■ **Given information**
BEGIN

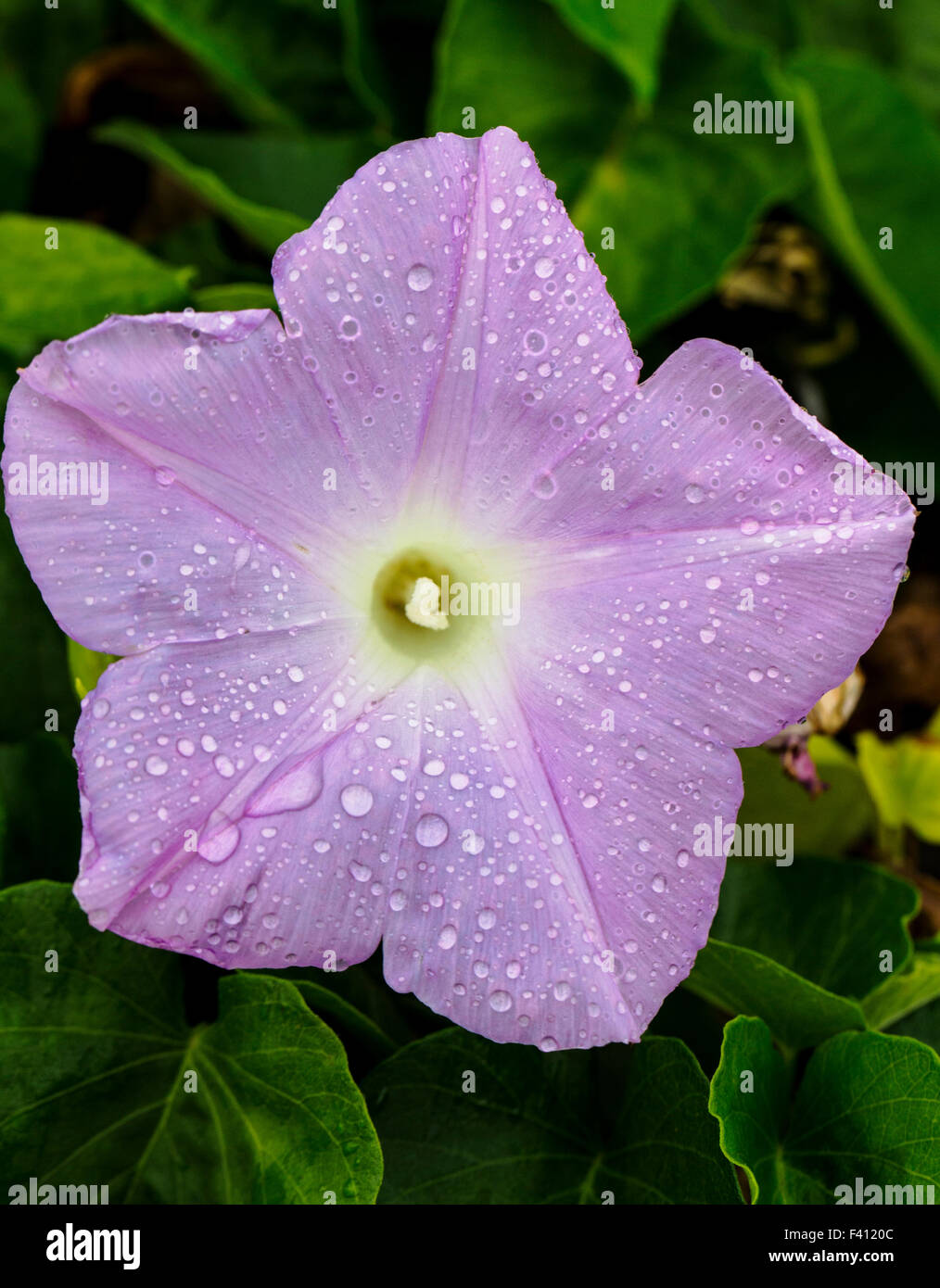 Frische Regentropfen, Morning Glory, Ipomoea; Hawaii Volcanoes National Park, Big Island, Hawaii, USA Stockfoto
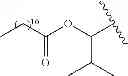 Fig. 154 - Process for synthesizing oxidized lactam compounds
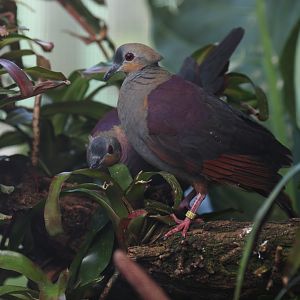 Crested Quail-Dove (Geotrygon versicolor)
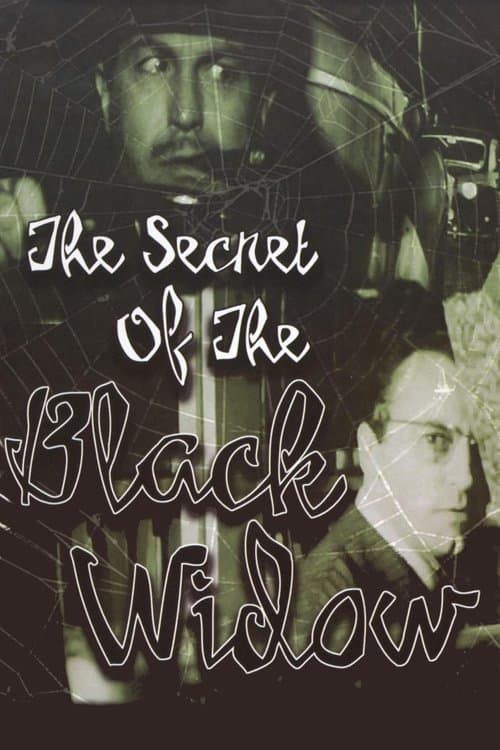 The Secret of the Black Widow poster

END

■ **The problem**
Retyping should start at the first line of the data above and stop after the line with "Crested Quail-Dove (Geotrygon versicolor)", and no picture should be included.

■ **Output of the exercise**
 Frische Regentropfen, Morning Glory, Ipomoea; Hawaii Volcanoes National Park, Big Island, Hawaii, USA Stockfoto
 Fig. 154 - Process for synthesizing oxidized lactam compounds
 Crested Quail-Dove (Geotrygon versicolor)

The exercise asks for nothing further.